Image-text web data:
——

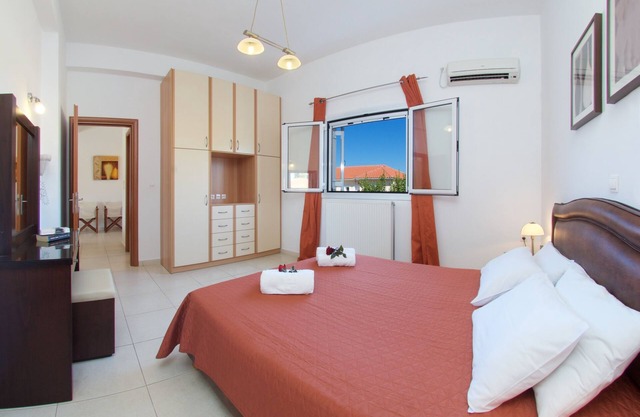 DIAMANTO COMPLEX SUPERIOR APARTMENT With Shared Pool, Sea And Mountain Views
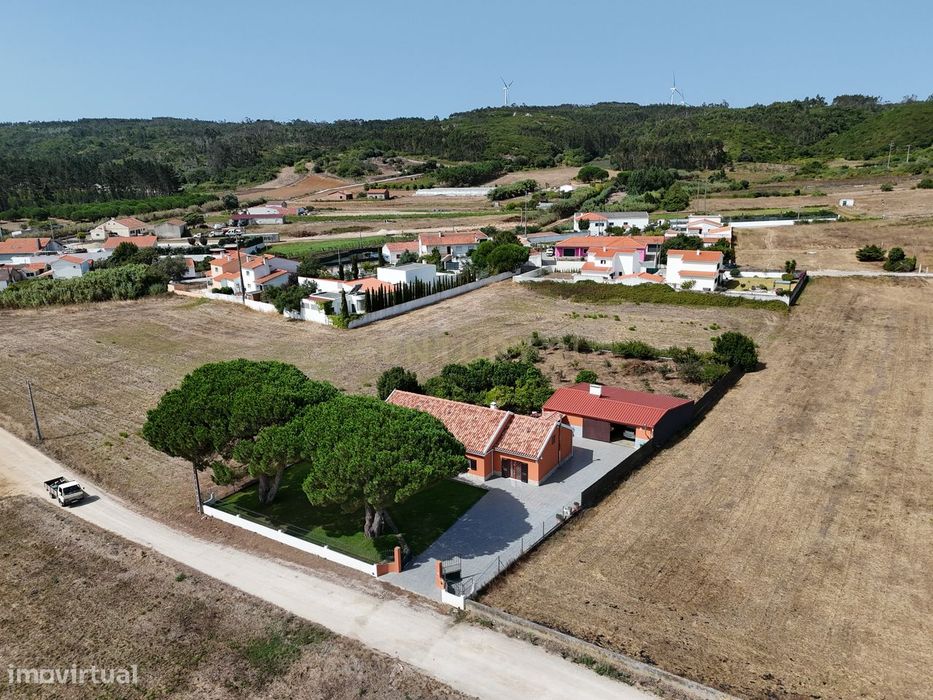 Moradia T4 Térrea Olho Marinho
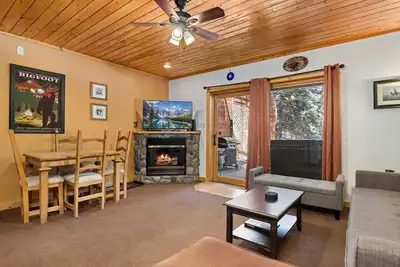 Image de Bugle Pointe B16 (Private Hot tub) River Views!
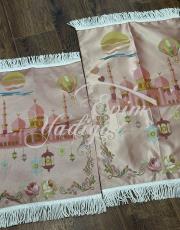 büyük pembe çocuk seccadesi 2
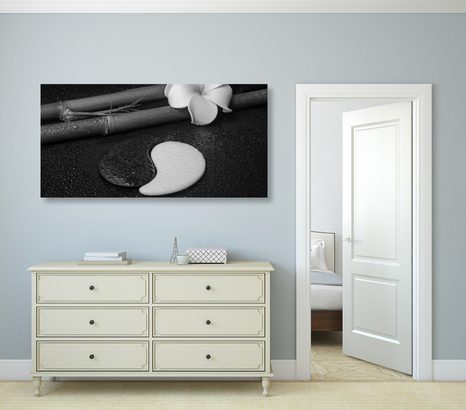 OBRAZ SPA ZÁTIŠÍ SE SYMBOLEM JIN A JANG V ČERNOBÍLÉM PROVEDENÍ - ČERNOBÍLÉ OBRAZY - OBRAZY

——

Print, exactly and without pictures, the lines from the one holding "Moradia T4 Térrea Olho Marinho" through the last line of the entries above, both included.

 Moradia T4 Térrea Olho Marinho
 Image de Bugle Pointe B16 (Private Hot tub) River Views!
 büyük pembe çocuk seccadesi 2
 OBRAZ SPA ZÁTIŠÍ SE SYMBOLEM JIN A JANG V ČERNOBÍLÉM PROVEDENÍ - ČERNOBÍLÉ OBRAZY - OBRAZY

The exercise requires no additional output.